Blair remained behind at the hotel to grieve. It was announced that he had withdrawn from the match, and flags at the ground were lowered to half-mast.
But Blair appeared out of the players’ tunnel after New Zealand lost their ninth wicket for 154 in the first innings, which left the players and the crowd at Ellis Park stunned. Along with Bert Sutcliffe, he put up a 33-run stand to drag New Zealand to 187. It remains one of the most defining moments in New Zealand sporting history.
“The background to this Test match is one of the most sad and moving and heart-breaking stories imaginable,” NZC chief executive Scott Weenink said. “It’s also an uplifting story of incredible courage and resilience, and in terms of the South African team and public, great compassion and empathy.
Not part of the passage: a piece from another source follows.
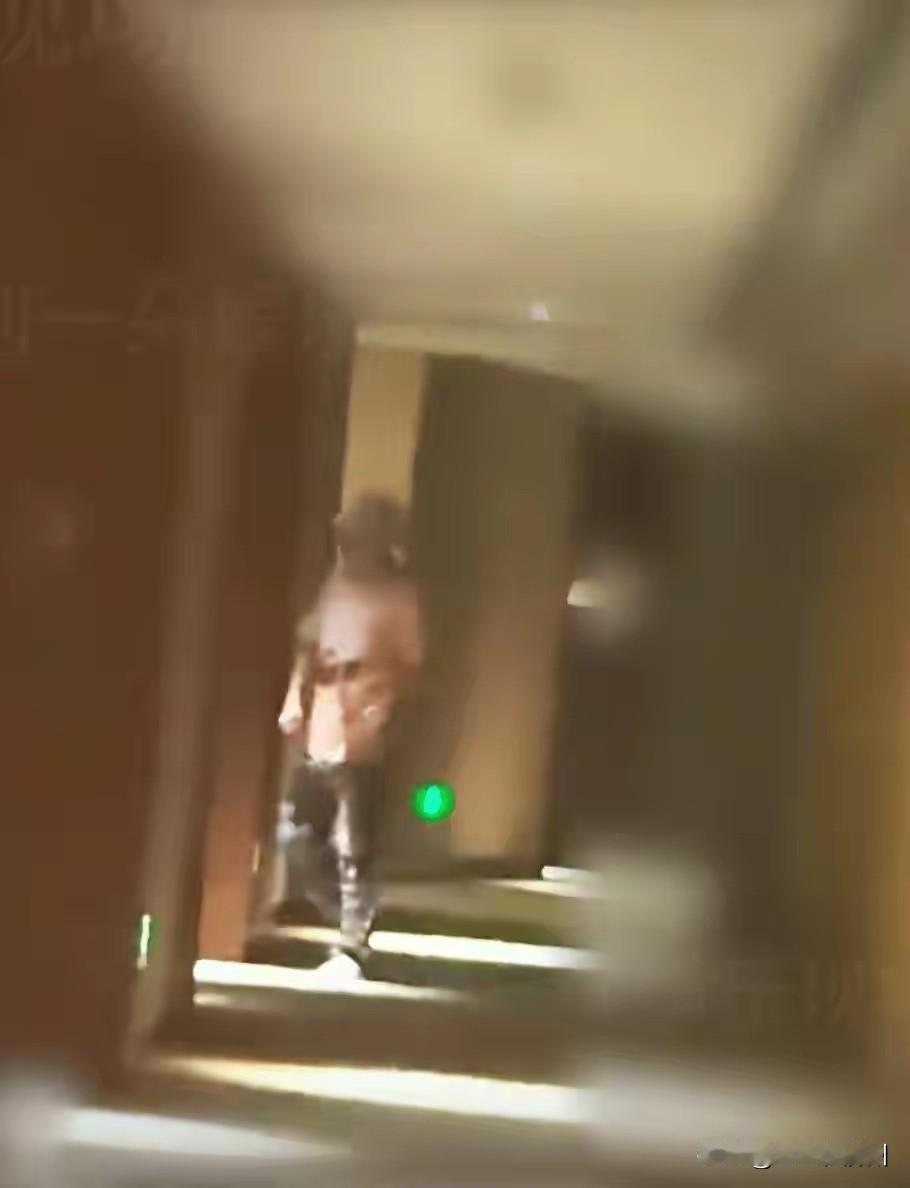 从酒店视频的这个角度来看，这个体型，还真像“包贝尔”，看女的身形……看着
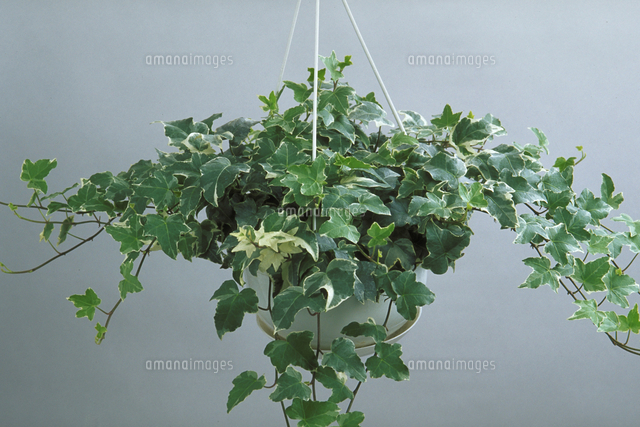 セイヨウキヅタ の写真素材 イラスト素材 アマナイメージズ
I’m delighted to see this very important part of cricket history properly recognised and acknowledged.”
The Shield was created by carver David Ngawati (Ngati Hine), is made from the native New Zealand timber puriri, and includes an inlaid mere made from pounamu, a type of stone sourced from the Tangiwai region. An NZC release said that the shield will be blessed and presented to the teams in Tauranga today.
CSA chief executive Pholetsi Moseki said, “On behalf of CSA, I send my best wishes to everyone who was touched by this tragedy, and to both teams contesting the inaugural trophy. It’s important that the teams of today and tomorrow know where they came from, and I’m sure the Tangiwai Shield will do much to assist with that.”